Former medical school professor Leonard Glass created the San Diego program, called the Physician Retraining & Reentry Program, in 2013. Besides retraining primary care doctors, the online program has attracted specialists who wanted to switch to primary care and restless retirees.

“Some are simply tired of being retired,” he said. “It’s sort of an itch to go back to taking care of people.”

‘Expensive And Time-Consuming’

Several retraining programs are run by hospitals, including Cedars Sinai Medical Center. There, participants spend between six weeks and three months seeing patients under the supervision of other physicians, then discuss their cases in an exit interview to demonstrate what they learned. They leave with a letter that can be submitted to employers or hospitals.
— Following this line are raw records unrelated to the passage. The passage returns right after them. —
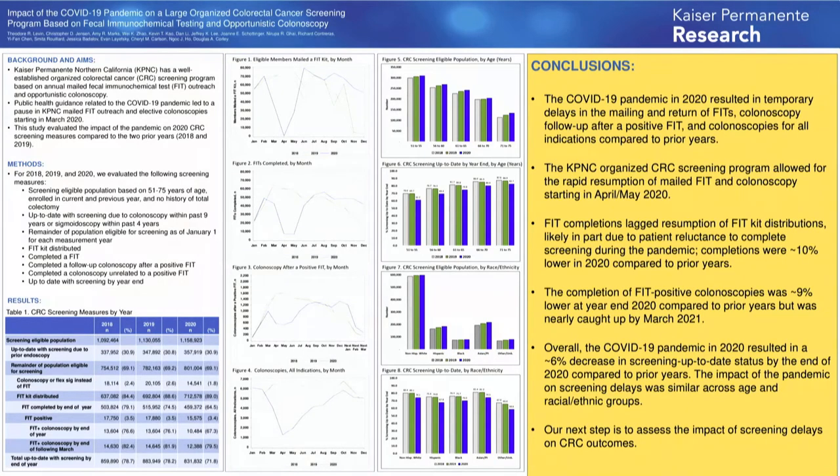By the end of May 2020, they had essentially caught up. Overall, there was about a 6 percent decrease in screening up-to-dateness in 2020 compared to prior years, with no differences by sociodemographic groups. Keep in mind this is an integrated healthcare system that has been using FIT-based screening since 2012—a well-run, oiled machine able to pick up that slack quickly. Later in my state-of-the-art talk I'll show data on how the pandemic affected FIT across different types of healthcare systems.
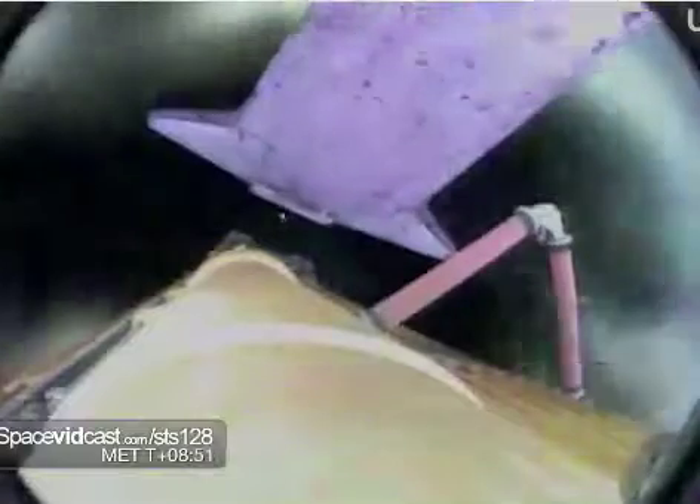Booster officer confirms a good main engine cut-off. Now standing by for external tank separation. External tank separation confirmed. Discovery now in its preliminary orbit.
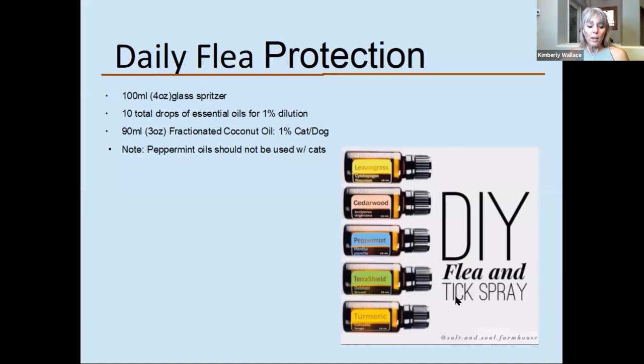Our DIY flea, tick, and mosquito spray — this is one of the recipes we recommend depending on where you live. You may need some of these oils and not others, and that's something we can talk about. I love to help people figure out what's best for their home, their pet, and their situation. This recipe has been used by a number of people and is really effective.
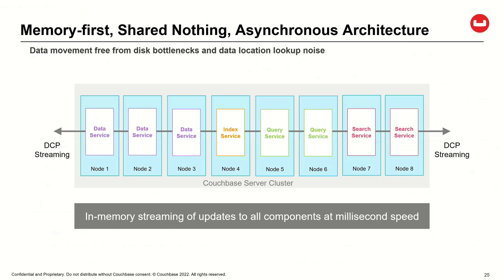Let's talk about where Couchbase gets its speed — it's that memory-first design. There are two things to highlight on this slide. All of the data control processing, DCP streaming — those are the in-memory activities. Whenever we're taking a write or giving a read, all of those activities are happening in memory first.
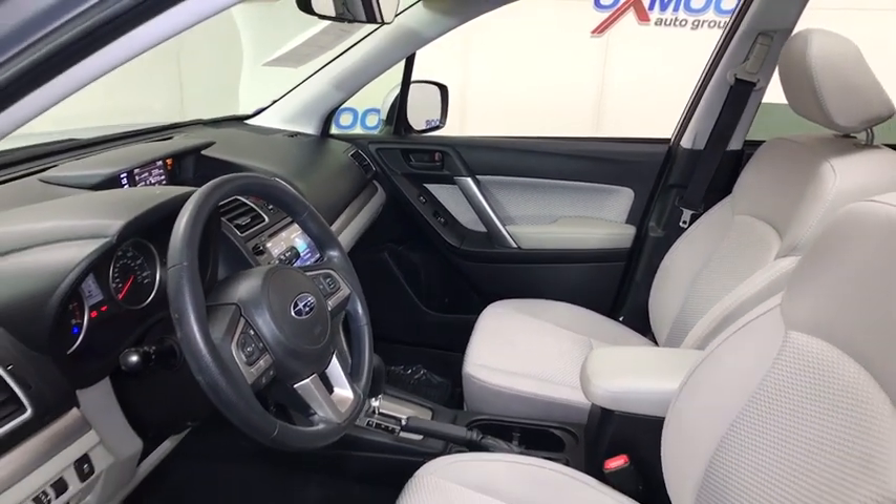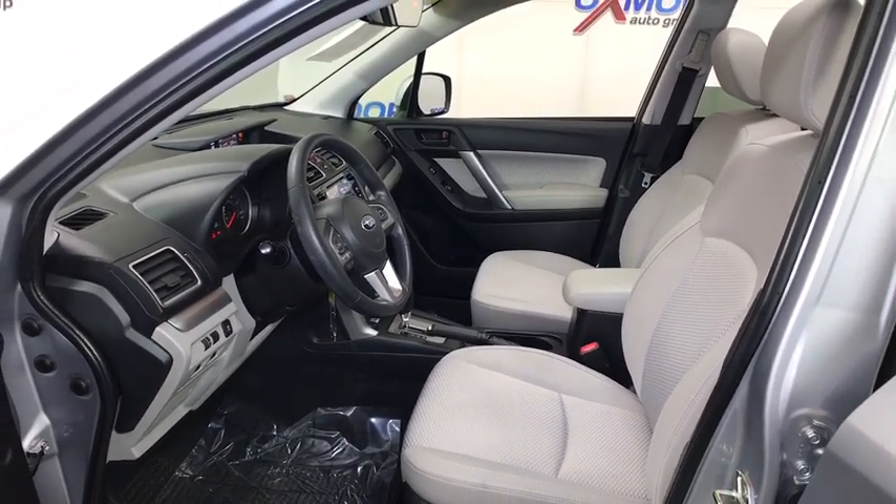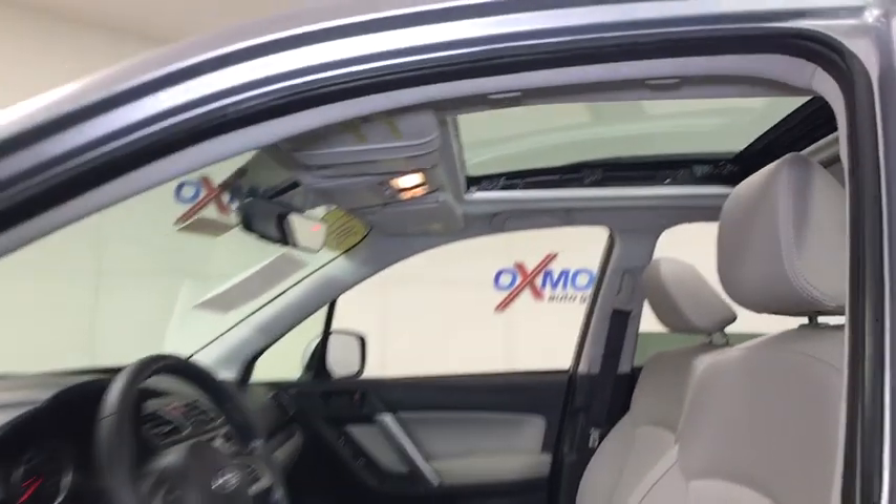CD player, rear window defroster, security system, tachometer, brake assist, power moonroof, overhead console, remote keyless entry, panic alarm.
The Cedars program costs $5,000 a month. Leo A. Gordon, who runs it, said some doctors who call to inquire are angry about having to spend the time and money when they already have so much education and experience. But he said others are simply appreciative that “there is a way to get back in the game.”

One of the Cedars graduates, Maria DiMeglio, decided she wanted to return to practice as an OB/GYN after taking off almost six years to care for her children and her ill mother.

“I thought I was retiring, said DiMeglio, “but I kept my options open.”

 

She had retained her medical license and kept up with continuing-education courses. But she needed to persuade her old hospital, Cedars-Sinai, to give her privileges so she could perform surgeries. The Cedars retraining program, she said, “wasn’t difficult, but it was expensive and time-consuming. Not everyone can do that.”

Hospitals set their own requirements for doctors to get credentials and privileges, but doctors who have been out of practice for more than two years generally must show that they are competent to see patients. Having a certificate from a reentry program helps, said David Perrott, chief medical officer of the California Hospital Association.

Jeff Petrozzino, a 50-year old doctor who trained in pediatrics and neonatology, knows all about that. He ran into difficulty returning to clinical practice after spending several years doing health economics research.

“I was a double board-certified physician licensed in several states,” he said. “You would think I would be able to get a job.”

When he finally did get an offer at a medical center in New Jersey, he said both the job and the state medical license were contingent on him getting retrained. He completed a three-month program at Drexel University College of Medicine in 2013, where he was surprised to discover many other doctors in a similar situation.

Petrozzino said he was grateful for the program — but given the hassles of re-entry he would advise doctors to plan carefully before taking breaks from their practice.

“Careers are interrupted or derailed for various reasons,” he said. “The system does not readily allow for re-entry.”